The intelligence community borrowed elements of the DoD AI ethics principles to create its own AI ethics policy in July 2020.
DoD and the intelligence community stood up these policies at the urging of the National Security Commission on AI, which urged both to achieve AI readiness by 2025 to retain a tactical advantage over international adversaries. The NSCAI issued its final report in March and will sunset Friday.
Agencies take cautious approach to ‘high-risk’ AI
Agencies already fielding AI tools are still taking a cautious approach to this technology.
Oki Mek, the chief AI officer at the Department of Health and Human Services, said HHS is training its workforce to better understand what AI and machine learning can do for the agency, while also ensuring that it builds and acquires AI systems in a way that meets legal requirements.
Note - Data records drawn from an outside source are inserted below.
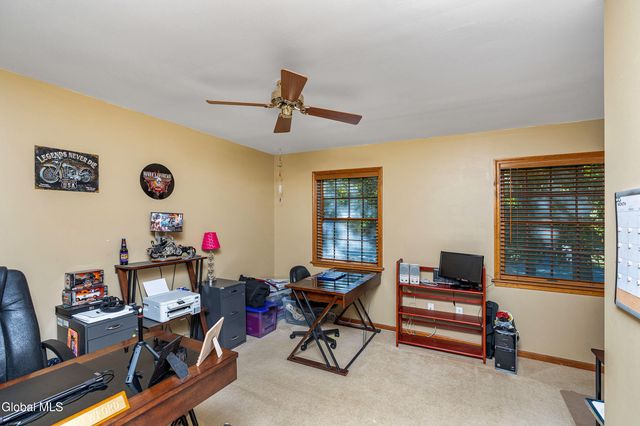 3 Buckingham Court, Clifton Park, NY 12065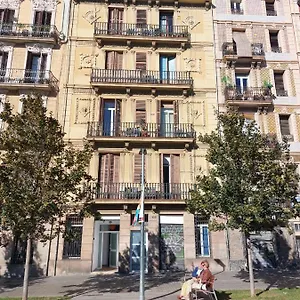 clot-mirabarna-apartments.catalonia-hotels.com/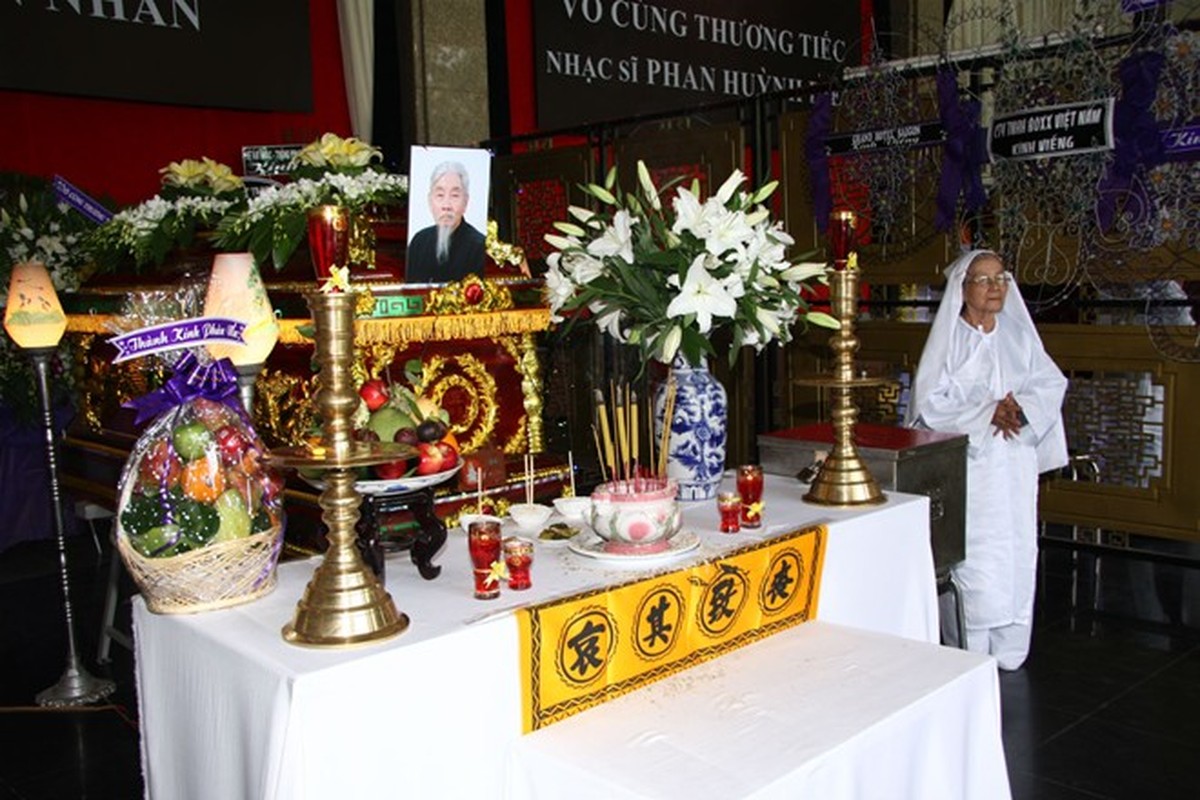 Vo nhac si Phan Nhan nen dau thuong lo dam tang chong-Hinh-2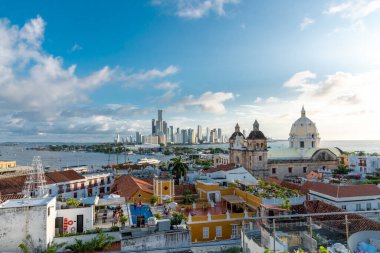 Cartagena, Bolivar, Kolombiya. 3 Kasım 2021: Şehir manzaralı ve mavi gökyüzü manzaralı panoramik manzara.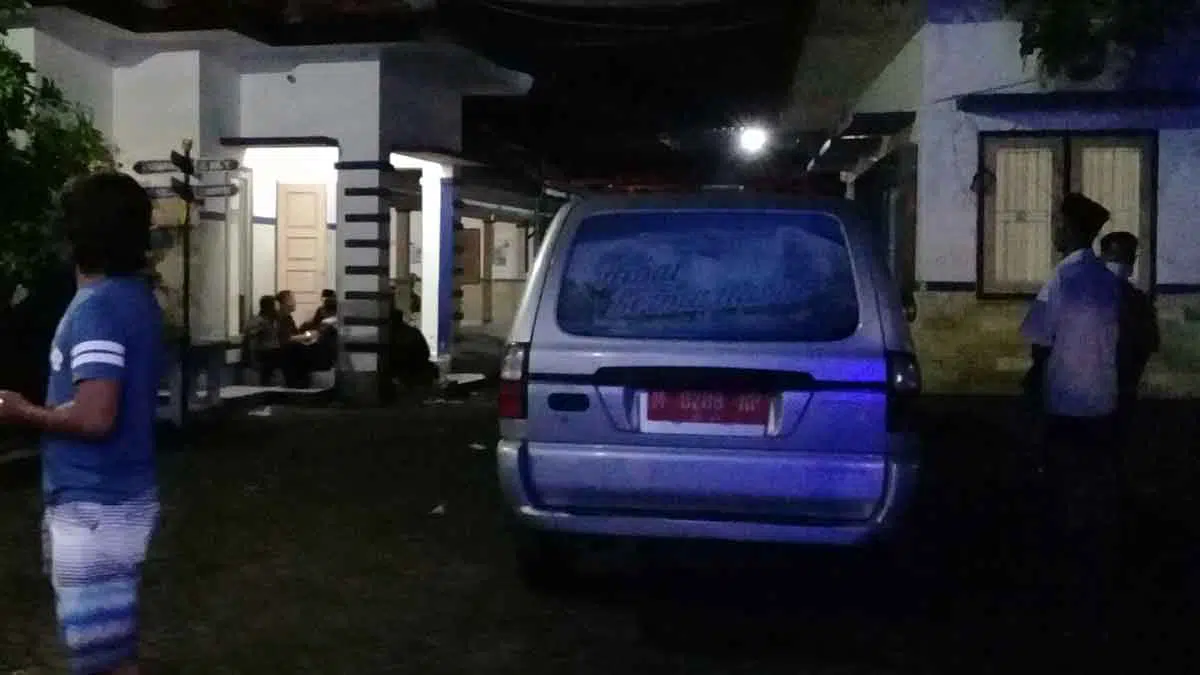 Warga Sampang Tolak Pemakaman Jenazah Cucu Pengikut Ajaran Syiah
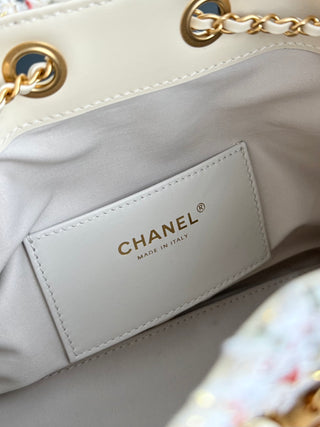 CHANEL 25 Bag with drawstring, bucket style, Hobo, white wool.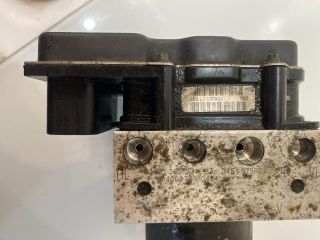 bontott BMW 5 E60 ABS Kocka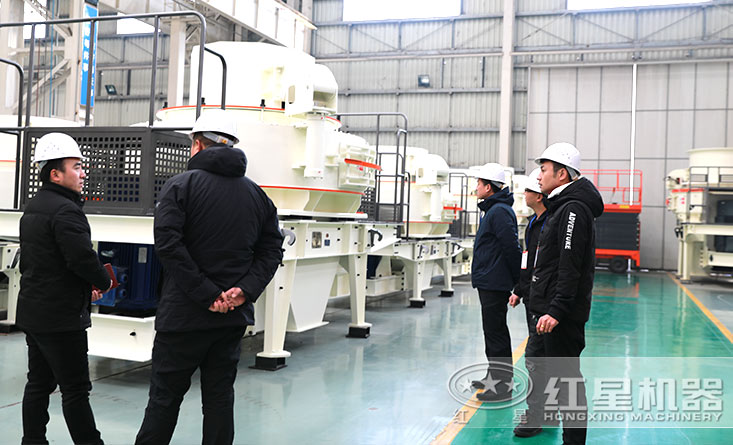 紅星石子制砂機廠區(qū)內(nèi)，客戶正在參觀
“We want to make sure that we have this ecosystem of support because AI and machine learning, it’s a new, innovative, transformative domain,” Mek said Tuesday during an ATARC panel. “The failure rate is going to be high. Even just IT projects, the failure rate is quite high, but with new emerging technology, it’s going to be really high.”
Pamela Isom, director of the Energy Department’s AI and Technology Office, said her office is holding listening sessions as part of an effort to create an agency AI risk management playbook.
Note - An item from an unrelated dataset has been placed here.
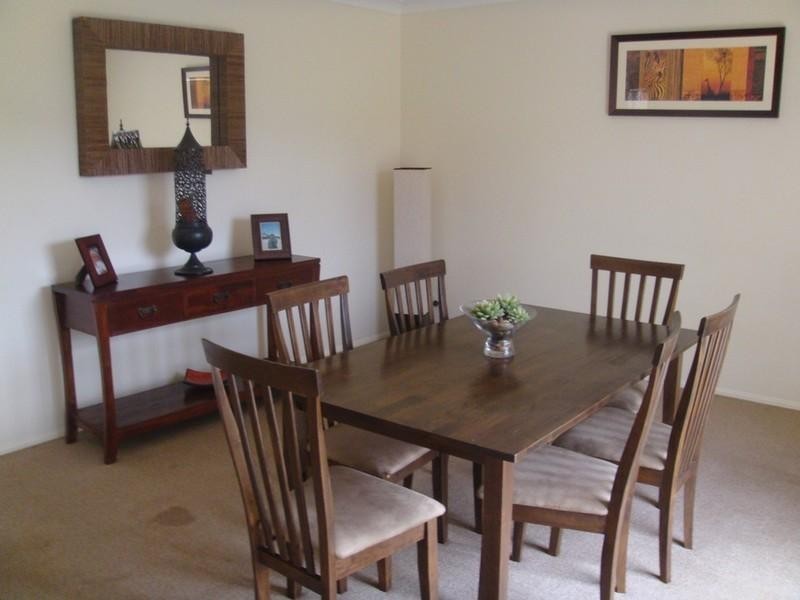 17 Sheffield Court, Pacific Pines QLD 4211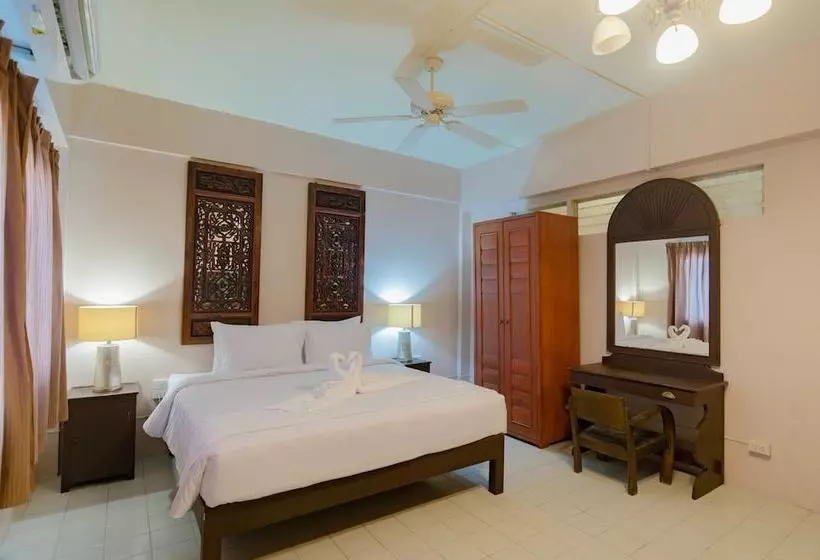 Bed At Beach Hostel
The playbook, she added, will highlight some of the agency’s best practices in fielding ethical AI systems and avoiding bias when training algorithms.
“These are issues that could transpire not necessarily intentionally. It’s a matter of awareness and understanding what are some of the things that we can do to prevent inherited biases,” Isom said.
While DoE is looking at how AI can provide insights into climate change and its health impact in communities, Isom said the agency also needs to get a handle on fundamentals like AI labeling and standards for annotation.
“AI in itself is not about the technology. AI in itself is about mission challenges and addressing those challenges. And in order to do so, we can’t think about it the way we have traditionally thought about software development. The whole life cycle is much more incremental, it’s much more iterative, it’s much more agile. You are training with production data, you’re training with the real deal, because the AI is going to be making real-life safety decisions. You’ve got to test it, you’ve got to train it well,” Isom said.
Ed McLarney, NASA’s digital transformation lead for AI and ML, said the agency is backing AI pilots for use cases in situations where it assists the workforce in roles including mission support, human resources and finance. He said NASA also created an ethical AI framework.
“It’s really important that we have a more widespread discussion about AI ethics, AI risks and mitigations and approaches. It’s such a kind of turbulent, Wild West, new frontier, that there’s just a lot of discussion and debate that our overall communities have got to have,” he said.
Brett Vaughn, the Navy’s chief AI officer, said the service is looking at AI to enable autonomous and unmanned systems, as well as improve the efficiency of back-office functions that support readiness.
The Navy, Vaughn said, faces its biggest AI challenge in making sure these tools keep operating in rugged environments with limited connectivity.
“For us, that means possibly literally the middle of the Pacific Ocean, so it’s a challenging technologic and operating environment,” he said.
But the Navy also needs to overcome organizational and cultural challenges
“We’re an organization that’s hundreds of years old. For us, getting digital, which is a predicate to being effective in AI — let’s say we’ll have to work at it. It’s a constant challenge, it’s widespread,” Vaughn said.